“We are going to do our best (to help you). We are going to try very hard,” Kerry said upon arriving in Kiev. “We hope Russia will respect the election that you are going to have.”
Ukraine’s finance minister, who has said Ukraine needs $35 billion to get through this year and next, was meeting yesterday with officials from the International Monetary Fund.
World stock markets, which slumped the previous day, clawed back a large chunk of their losses yesterday on signs that Russia was backpedaling. Gold, the Japanese yen and U.S. treasuries — all seen as safe havens — returned some of their gains. Russia’s RTS index, which fell 12 percent on Monday, rose 6.2 percent yesterday. In the U.S., the Dow Jones industrial average was up 1.2 percent.
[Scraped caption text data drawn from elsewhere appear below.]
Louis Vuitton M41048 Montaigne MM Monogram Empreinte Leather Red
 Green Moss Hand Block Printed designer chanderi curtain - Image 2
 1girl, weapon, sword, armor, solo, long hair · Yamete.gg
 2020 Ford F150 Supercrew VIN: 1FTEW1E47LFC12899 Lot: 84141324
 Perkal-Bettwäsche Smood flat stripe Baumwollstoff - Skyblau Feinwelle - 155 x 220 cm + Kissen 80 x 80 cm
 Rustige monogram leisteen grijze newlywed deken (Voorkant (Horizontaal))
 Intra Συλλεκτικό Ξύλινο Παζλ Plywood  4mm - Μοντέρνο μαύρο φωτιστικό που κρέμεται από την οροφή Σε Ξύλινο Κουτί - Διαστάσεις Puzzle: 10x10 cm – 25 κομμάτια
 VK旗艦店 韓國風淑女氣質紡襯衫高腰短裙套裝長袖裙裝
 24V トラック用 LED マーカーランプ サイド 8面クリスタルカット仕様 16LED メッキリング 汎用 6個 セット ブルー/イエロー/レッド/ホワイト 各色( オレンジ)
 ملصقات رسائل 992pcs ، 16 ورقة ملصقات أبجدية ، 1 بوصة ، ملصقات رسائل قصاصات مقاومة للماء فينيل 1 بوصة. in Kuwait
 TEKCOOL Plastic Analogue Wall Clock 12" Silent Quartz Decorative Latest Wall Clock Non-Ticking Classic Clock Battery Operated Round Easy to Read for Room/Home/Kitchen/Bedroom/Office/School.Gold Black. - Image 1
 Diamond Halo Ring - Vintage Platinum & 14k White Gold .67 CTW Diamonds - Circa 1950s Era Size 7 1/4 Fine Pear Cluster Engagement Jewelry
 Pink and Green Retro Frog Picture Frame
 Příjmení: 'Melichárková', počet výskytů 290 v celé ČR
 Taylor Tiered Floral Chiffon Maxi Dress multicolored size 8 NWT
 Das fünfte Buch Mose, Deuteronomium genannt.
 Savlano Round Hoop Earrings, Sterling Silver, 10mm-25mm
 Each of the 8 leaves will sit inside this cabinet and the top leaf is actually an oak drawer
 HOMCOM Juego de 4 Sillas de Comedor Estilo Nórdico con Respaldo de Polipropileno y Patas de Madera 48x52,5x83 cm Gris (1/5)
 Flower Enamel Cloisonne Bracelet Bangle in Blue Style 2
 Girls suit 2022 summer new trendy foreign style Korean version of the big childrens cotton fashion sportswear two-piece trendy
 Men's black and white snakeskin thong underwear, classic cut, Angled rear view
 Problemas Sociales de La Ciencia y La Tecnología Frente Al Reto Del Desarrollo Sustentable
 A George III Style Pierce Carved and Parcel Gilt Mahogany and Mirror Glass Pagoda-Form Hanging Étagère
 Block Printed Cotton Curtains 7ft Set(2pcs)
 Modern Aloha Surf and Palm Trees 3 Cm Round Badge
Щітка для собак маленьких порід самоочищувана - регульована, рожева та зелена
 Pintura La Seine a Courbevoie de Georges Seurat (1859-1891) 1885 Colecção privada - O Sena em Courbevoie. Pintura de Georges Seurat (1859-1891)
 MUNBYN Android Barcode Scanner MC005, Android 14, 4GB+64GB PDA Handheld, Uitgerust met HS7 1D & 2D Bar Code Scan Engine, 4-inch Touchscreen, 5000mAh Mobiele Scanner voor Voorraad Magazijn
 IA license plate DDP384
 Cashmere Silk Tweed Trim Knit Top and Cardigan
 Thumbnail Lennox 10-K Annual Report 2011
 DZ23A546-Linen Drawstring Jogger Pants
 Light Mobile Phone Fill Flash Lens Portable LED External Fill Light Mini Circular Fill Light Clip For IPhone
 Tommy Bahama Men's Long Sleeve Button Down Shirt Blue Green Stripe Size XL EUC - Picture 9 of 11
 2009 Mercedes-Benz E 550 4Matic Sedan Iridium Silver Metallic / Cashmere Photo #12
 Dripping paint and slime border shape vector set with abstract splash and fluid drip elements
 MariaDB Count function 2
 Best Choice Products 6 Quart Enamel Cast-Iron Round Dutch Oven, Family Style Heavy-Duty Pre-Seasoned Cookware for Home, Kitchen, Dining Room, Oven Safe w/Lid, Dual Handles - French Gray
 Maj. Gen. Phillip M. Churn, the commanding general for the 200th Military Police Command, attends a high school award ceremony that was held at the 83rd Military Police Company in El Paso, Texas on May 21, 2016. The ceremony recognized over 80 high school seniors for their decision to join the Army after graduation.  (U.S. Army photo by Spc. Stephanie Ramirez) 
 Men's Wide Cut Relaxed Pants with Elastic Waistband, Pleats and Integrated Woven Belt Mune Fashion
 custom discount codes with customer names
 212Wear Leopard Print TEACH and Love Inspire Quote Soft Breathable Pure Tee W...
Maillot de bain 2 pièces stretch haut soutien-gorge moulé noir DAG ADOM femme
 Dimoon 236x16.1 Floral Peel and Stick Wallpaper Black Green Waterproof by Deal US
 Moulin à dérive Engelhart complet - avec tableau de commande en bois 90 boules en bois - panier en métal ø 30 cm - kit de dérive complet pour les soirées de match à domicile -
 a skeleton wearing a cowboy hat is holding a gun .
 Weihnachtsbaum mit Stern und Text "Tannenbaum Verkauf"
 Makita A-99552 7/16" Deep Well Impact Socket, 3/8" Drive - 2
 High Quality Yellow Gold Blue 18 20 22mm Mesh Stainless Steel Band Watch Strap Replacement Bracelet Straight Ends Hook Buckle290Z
“Confidence in equity markets has been restored as the standoff between Ukraine and Russia is no longer on red alert,” said David Madden, market analyst at IG.
Russia took over the strategic peninsula of Crimea on Saturday, placing its troops around its ferry, military bases and border posts. Two Ukrainian warships remained anchored in the Crimean port of Sevastopol, blocked from leaving by Russian ships.
“Those unknown people without insignia who have seized administrative buildings and airports ... what we are seeing is a kind of velvet invasion,” said Russian military analyst Alexander Golts.
The territory’s enduring volatility was put in stark relief yesterday morning: Russian troops, who had taken control of the Belbek air base, fired warning shots into the air as some 300 Ukrainian soldiers, who previously manned the airfield, demanded their jobs back.
As the Ukrainians marched unarmed toward the base, about a dozen Russian soldiers told them not to approach, then fired several shots into the air and said they would shoot the Ukrainians if they continued toward them.